According to the Teton Science School, partial remains from three individuals disappeared from the institution's collection in 1973 and were rediscovered in 2021, nearly fifty years later. The school subsequently began steps to repatriate the remains to the Unangan community of Nikolski under the Native American Graves Protection and Repatriation Act.

== Subpopulations of early Kagamil Island inhabitants ==
Researchers have used stable-isotope analysis of human remains from the Aleutian Islands to investigate population history and dietary change over time. One study identified differences between individuals associated with Paleo-Aleut and Neo-Aleut populations and suggested that the Paleo-Aleut population existed approximately 1,000 years ago and was later followed by the Neo-Aleut population.

The study also analyzed human remains from three archaeological sites and found differences in diet between the two populations.
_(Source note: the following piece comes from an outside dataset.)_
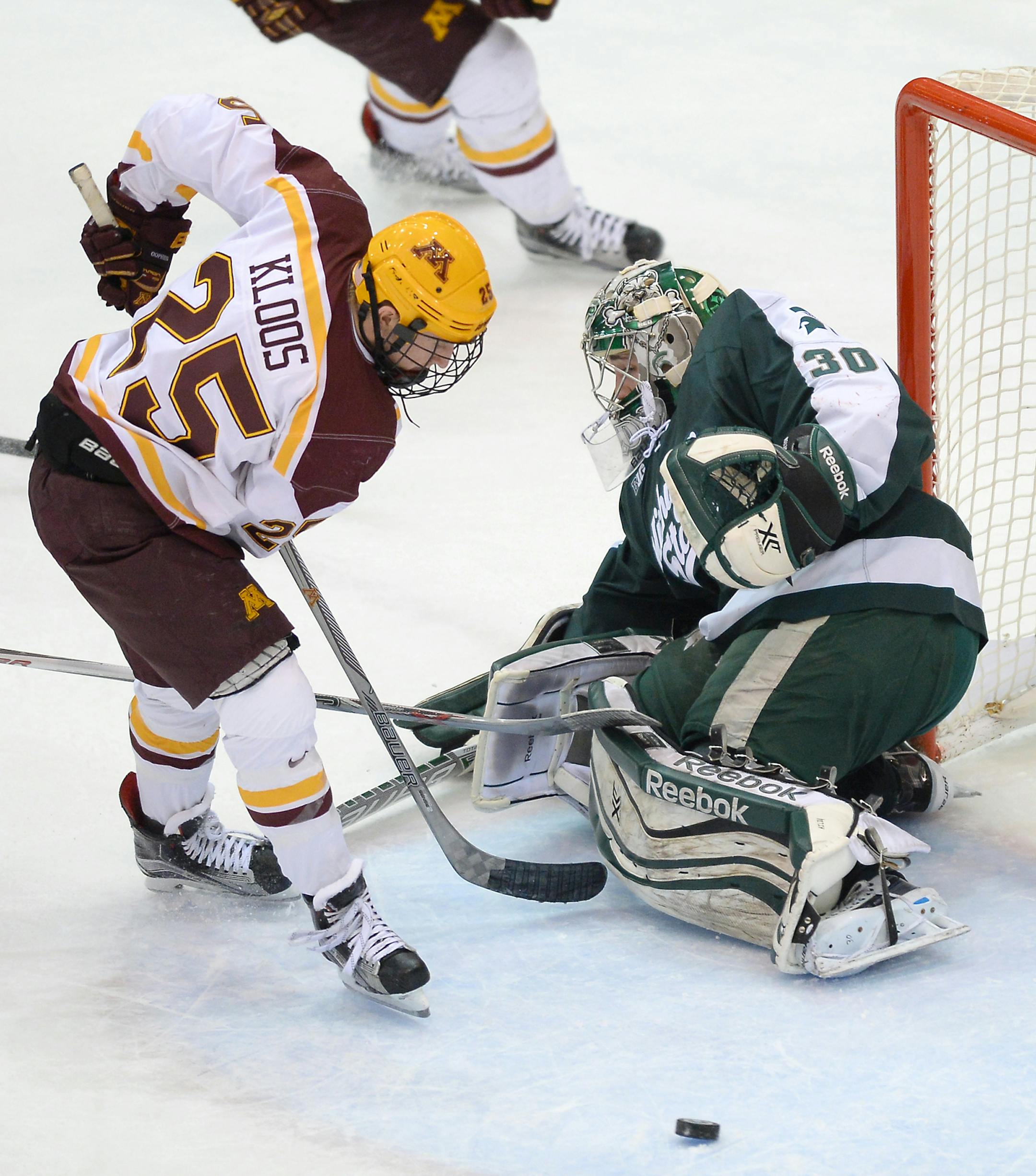 Minnesota Golden Gophers center Justin Kloos (25) nearly scored on Michigan State Spartans goalie Jake Hildebrand (30) before being cross checked from behind by Michigan State Spartans defenseman Carson Gatt (18) in the final minute of the first period Friday. ] (AARON LAVINSKY/STAR TRIBUNE) aaron.lavinsky@startribune.com The University of Minnesota Golden Gophers mens' hockey team played the Michigan State University Spartans on Friday, Jan. 15, 2016 at Mariucci Arena in Minneapolis, Minn.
Bone chemistry indicated that individuals associated with the Neo-Aleut population consumed foods from higher trophic levels than those associated with the earlier Paleo-Aleut population.

Researchers also reported differences in cranial and post-cranial morphology between the two populations. The Paleo-Aleut population was described as having different post-cranial characteristics, while the Neo-Aleut population was described as having a rounder and wider cranium.